#### GIVEN DATA

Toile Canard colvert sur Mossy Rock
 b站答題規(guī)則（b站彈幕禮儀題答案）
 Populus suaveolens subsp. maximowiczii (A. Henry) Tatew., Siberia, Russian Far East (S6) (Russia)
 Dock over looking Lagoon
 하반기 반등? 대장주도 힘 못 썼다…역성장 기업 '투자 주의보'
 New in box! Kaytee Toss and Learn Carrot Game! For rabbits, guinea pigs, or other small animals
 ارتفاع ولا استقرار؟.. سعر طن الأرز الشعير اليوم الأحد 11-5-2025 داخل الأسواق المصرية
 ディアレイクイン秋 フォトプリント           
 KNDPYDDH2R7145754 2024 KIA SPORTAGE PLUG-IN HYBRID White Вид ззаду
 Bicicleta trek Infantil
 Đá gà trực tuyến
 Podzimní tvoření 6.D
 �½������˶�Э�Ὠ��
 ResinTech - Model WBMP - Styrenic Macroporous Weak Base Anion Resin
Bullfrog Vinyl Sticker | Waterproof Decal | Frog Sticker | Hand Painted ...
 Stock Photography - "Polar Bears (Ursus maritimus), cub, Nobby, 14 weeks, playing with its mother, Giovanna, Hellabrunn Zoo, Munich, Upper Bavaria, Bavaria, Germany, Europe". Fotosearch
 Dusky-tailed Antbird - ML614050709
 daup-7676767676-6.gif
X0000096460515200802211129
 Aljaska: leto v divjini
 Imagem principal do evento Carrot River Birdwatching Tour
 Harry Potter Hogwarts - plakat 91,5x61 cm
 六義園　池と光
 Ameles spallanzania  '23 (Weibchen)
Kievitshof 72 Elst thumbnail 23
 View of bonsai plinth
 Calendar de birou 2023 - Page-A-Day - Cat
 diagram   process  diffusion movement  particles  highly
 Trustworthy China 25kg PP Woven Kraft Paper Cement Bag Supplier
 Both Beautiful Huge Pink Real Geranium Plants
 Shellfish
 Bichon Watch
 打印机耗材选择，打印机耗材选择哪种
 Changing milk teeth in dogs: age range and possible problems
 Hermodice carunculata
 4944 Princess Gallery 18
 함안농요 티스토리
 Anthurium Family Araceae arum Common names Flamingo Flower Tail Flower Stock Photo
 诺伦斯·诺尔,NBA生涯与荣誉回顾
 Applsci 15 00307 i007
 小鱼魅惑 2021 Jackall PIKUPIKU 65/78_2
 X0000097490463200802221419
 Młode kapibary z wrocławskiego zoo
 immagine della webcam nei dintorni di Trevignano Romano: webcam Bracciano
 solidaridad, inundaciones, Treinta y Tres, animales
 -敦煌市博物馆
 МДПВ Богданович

########

→ EXERCISE GOAL
Your answer should consist only of the lines above between the line holding "Kievitshof 72 Elst thumbnail 23" and the line holding "X0000097490463200802221419", inclusive, each transcribed exactly.

→ EXPECTED OUTPUT
Kievitshof 72 Elst thumbnail 23
 View of bonsai plinth
 Calendar de birou 2023 - Page-A-Day - Cat
 diagram   process  diffusion movement  particles  highly
 Trustworthy China 25kg PP Woven Kraft Paper Cement Bag Supplier
 Both Beautiful Huge Pink Real Geranium Plants
 Shellfish
 Bichon Watch
 打印机耗材选择，打印机耗材选择哪种
 Changing milk teeth in dogs: age range and possible problems
 Hermodice carunculata
 4944 Princess Gallery 18
 함안농요 티스토리
 Anthurium Family Araceae arum Common names Flamingo Flower Tail Flower Stock Photo
 诺伦斯·诺尔,NBA生涯与荣誉回顾
 Applsci 15 00307 i007
 小鱼魅惑 2021 Jackall PIKUPIKU 65/78_2
 X0000097490463200802221419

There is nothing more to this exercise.